The rebound puts the country on a high-growth trajectory not seen in decades that will finally see it shake off its image as the "sick man" of Asia, economic planning secretary Arsenio Balisacan told reporters. Balisacan added that the government expected the economy to grow by between 7.0 percent and 8.0 percent in 2015. "We have avoided the dreaded boom-bust cycle that has hounded our economy for decades," he said.
"What we are seeing in the last five years has never been seen in the last 40 years. The last time we have seen such growth was in the mid-1970s," he said, referencing a period when the Philippines saw annual economic growth rates approaching nine percent. Despite global uncertainties, the Philippines was buoyed by "solid" macroeconomic fundamentals including strong domestic consumption, ample foreign exchange reserves, a stable banking sector and manageable inflation, finance secretary Cesar Purisima said.

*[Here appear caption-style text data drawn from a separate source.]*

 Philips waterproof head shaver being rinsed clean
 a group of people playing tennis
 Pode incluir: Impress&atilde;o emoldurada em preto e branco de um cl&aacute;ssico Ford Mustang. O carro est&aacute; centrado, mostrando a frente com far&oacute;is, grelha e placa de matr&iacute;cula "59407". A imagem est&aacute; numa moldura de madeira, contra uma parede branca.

Purisima said in a statement that the country "has more fundamental strength than most peers to fuel long-term growth prospects and buttress against vulnerabilities to external shocks." On a full-year basis, the Philippine economy grew at a rate second in Asia only to China's 7.4 percent, and narrowly outpacing Vietnam's six percent, Balisacan said. "With this upbeat year-end performance, the economy is anticipated to gain further traction in 2015," he said.

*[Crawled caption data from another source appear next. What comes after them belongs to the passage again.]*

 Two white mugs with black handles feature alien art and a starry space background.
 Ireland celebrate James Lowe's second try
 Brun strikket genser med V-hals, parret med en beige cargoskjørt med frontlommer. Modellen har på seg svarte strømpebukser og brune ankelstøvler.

Balisacan however conceded that such high growth rates must be sustained over 20 years before they could be felt by the poor, as shown by the experience of other countries. "It's a long way to go before we can effectively make this growth shared broadly. There's so much to do. There's no shortcut to it. We have to deepen reforms," he said.
The full-year economic growth rate of 6.1 percent exceeded forecasts of 6.0 percent by the World Bank and the International Monetary Fund, but fell short of the government's targeted range of between 6.5 percent and 7.5 percent. The economy grew by an impressive 7.2 percent in 2013. The 2014 fourth quarter growth figure of 6.9 percent was also an improvement from the 6.3 percent growth posted in the same period in 2013.
Analysts, meanwhile, largely echoed government confidence about the economy. "Overall, this remains consistent with our long-held view that the economy is on a solid growth trajectory," Nomura research analyst Euben Paracuelles said. Barclays analysts Rahul Bajoria and Bill Diviney, meanwhile, predicted expansion will be "robust" this year as the Philippines is expected to benefit from a marked drop in world oil prices while the central bank is expected to hold off on any interest rate hikes until the fourth quarter.
The country's economic drivers - services, industry and agriculture - all posted robust growth in the fourth quarter, with the agriculture sector seeing 4.8 percent expansion compared to 0.9 percent in the same period in 2013. Balisacan conceded that there were still "lingering and uneven external conditions" such as sluggish world trade, low commodity prices and fears of higher interest rates looming on the horizon. But he said the economy would likely remain strong in 2015, lifted by further improvements in agriculture, favourable exports, rising domestic demand for manufactured goods, and even early spending for the Philippines's 2016 national elections.